[openstack-dev] [releases] semver and dependency changes
Robert Collins
robertc at robertcollins.net
Tue Sep 22 18:40:19 UTC 2015
On 23 September 2015 at 00:43, Doug Hellmann <doug at doughellmann.com> wrote:
> Excerpts from Robert Collins's message of 2015-09-22 15:16:26 +1200:
>> Currently we don't provide specific guidance on what should happen
>> when the only changes in a project are dependency changes and a
>> release is made.
>>
>> The releases team has been treating a dependency change as 'feature'
>> rather than 'bugfix' in semver modelling - so if the last release was
>> 1.2.3, and a requirements sync happens to fix a bug (e.g. a too-low
>> minimum dependency), then the next release would be 1.3.0.
>>
>> Reasoning about this can be a little complex to do on the fly, so I'd
>> like to put together some concrete guidance - which essentially means
>> being able to provide a heuristic to answer the questions:
>>
>> 'Is this requirements change an API break' or 'is this requirements
>> change feature work' or 'is this requirements change a bugfix'.
>
> Also, for our projects, "is this requirements change being triggered by
> a need in some other project that also syncs with the g-r list"?
I don't think that maps to semver though: which is why I didn't list
it. I agree that the /reason/ for a change may be 'consistency with
other OpenStack projects'. Until we've finished fixing up the pip
facilities around resolution we can't really make the requirements
syncing process more flexible - and even then its going to be really
very tricky [e.g. how do you test 'oslo.messaging works with
oslo.config version X when some other thing in devstack needs version
Y > X] - proving individually varied lower bounds is going to be
awkward at best if it depends on integration tests.
...
>> We could calculate the needed change programmatically for this
>> approach in the requirements syncing process.
>
> We also have to consider that we can't assume that the dependency
> is using semver itself, so we might not be able to tell from the
> outside whether the API is in fact breaking.

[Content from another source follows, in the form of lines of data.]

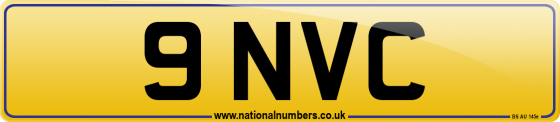 9 NVC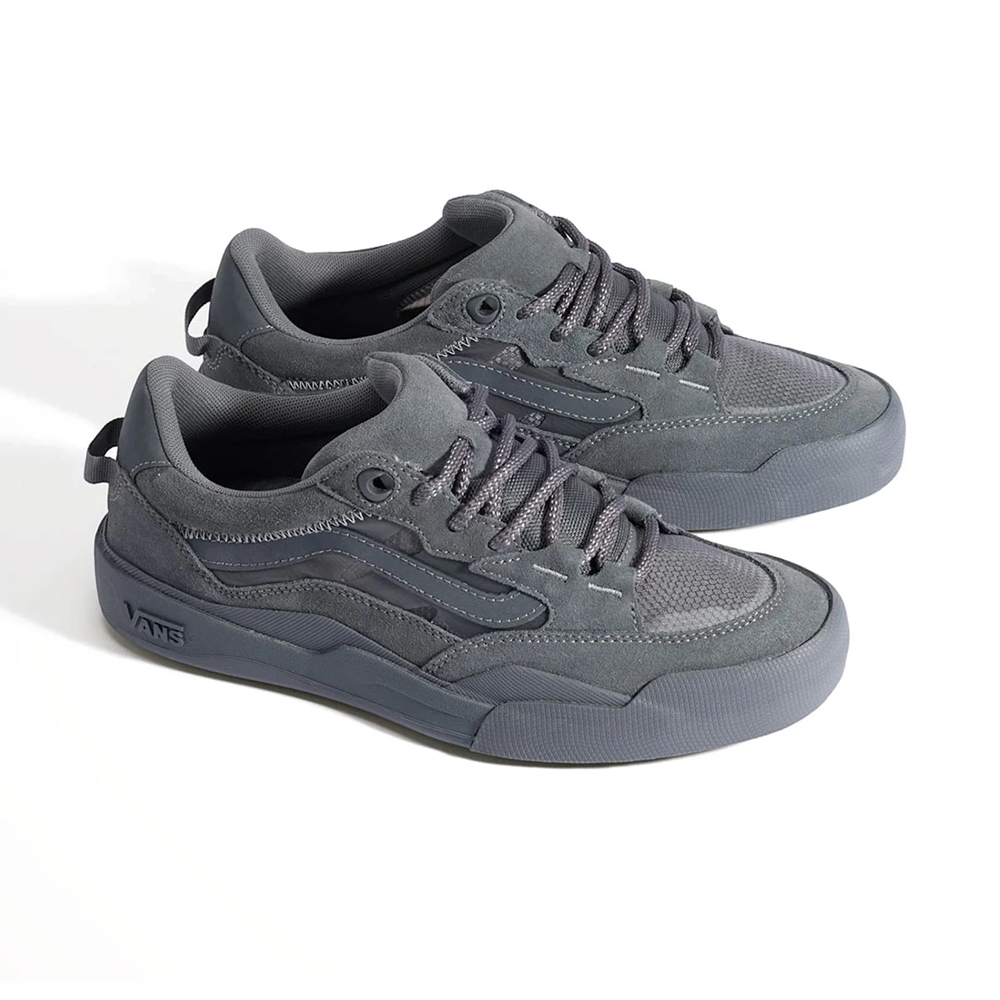 VANS Việt Nam | Giày VANS SKATE 2 WAYVEE ATIBA GRAY VN000D5DBGF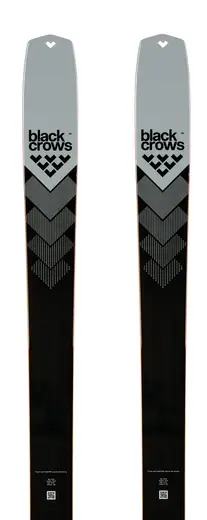 Black Crows Solis Freeride Ski | SkatePro
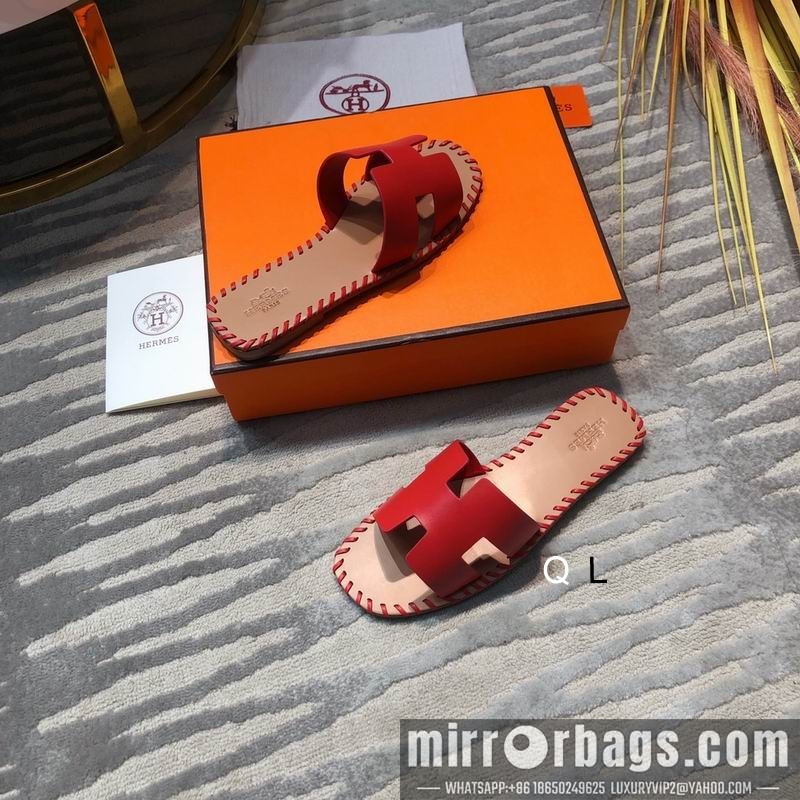 Hermes Shoes HERMES sz35-39XJ0109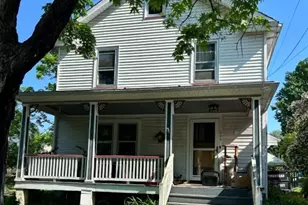 205 5th St, Belvidere, NJ 07823 - Photo 1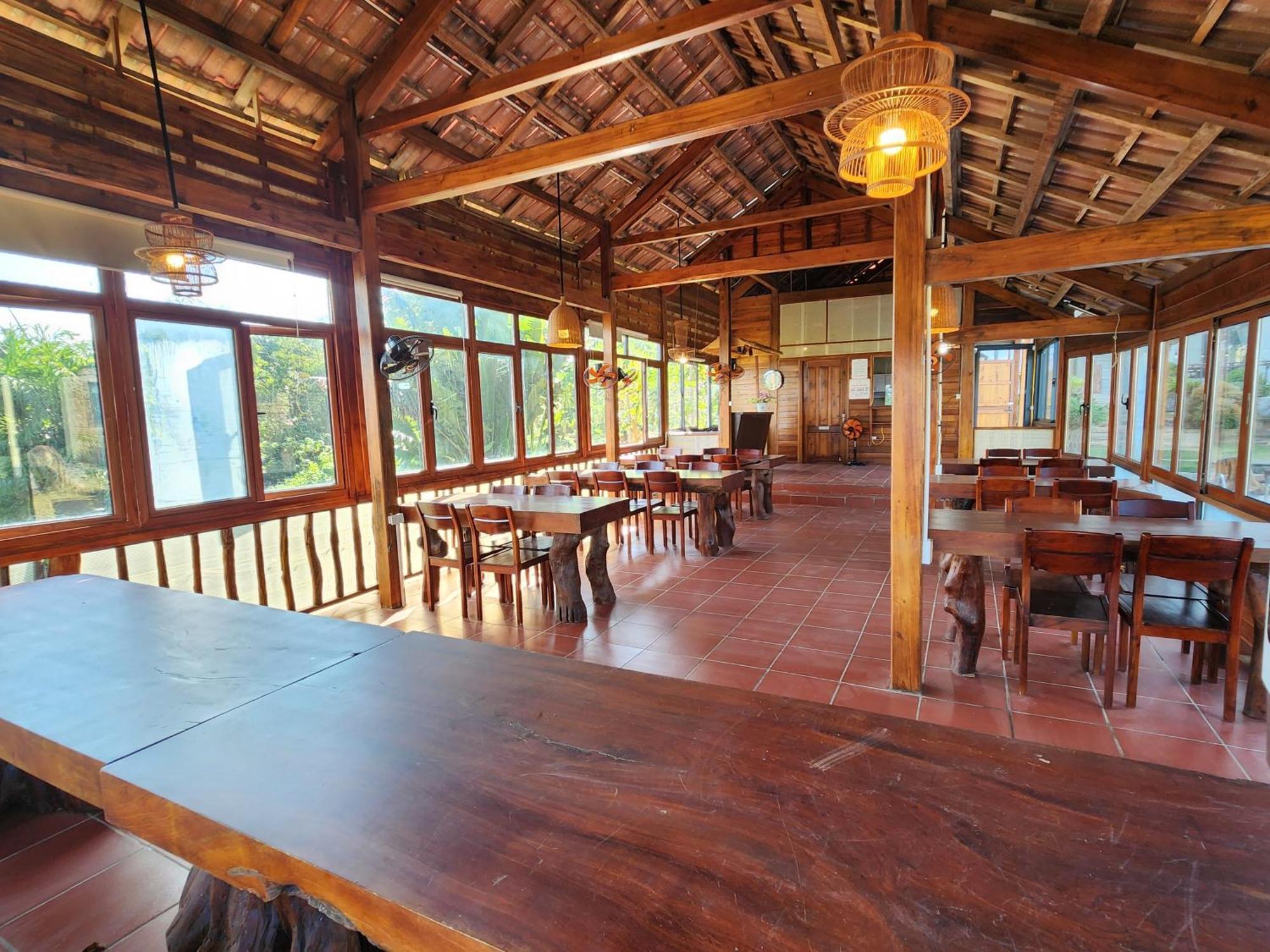 Resort Sunny Shore Phu Quoc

So, we would need something
> other than the version number to make that determination.
Agreed - while its unusual, a project can do both of major version
bumps without backwards incompatibilities, and minor or patch version
bumps that do include [deliberate] backwards incompatibilities.
> I've been encouraging the application of a simple rule precisely
> because this problem is so complicated. The 4 reasons for updates
> can get lost over time between a requirements update landing and a
> release being created, especially with automatic updates mixing
> with updates a project actually cares about. We aren't yet correctly
> identifying our own API breaking changes and differentiating between
> features and bug fixes in all cases, so until we're better at that
> analysis I would rather continue over-simplifying the analysis of
> requirements updates.
So how about we [from a releases perspective] just don't comment on
requirements syncs - let projects make their own assessment?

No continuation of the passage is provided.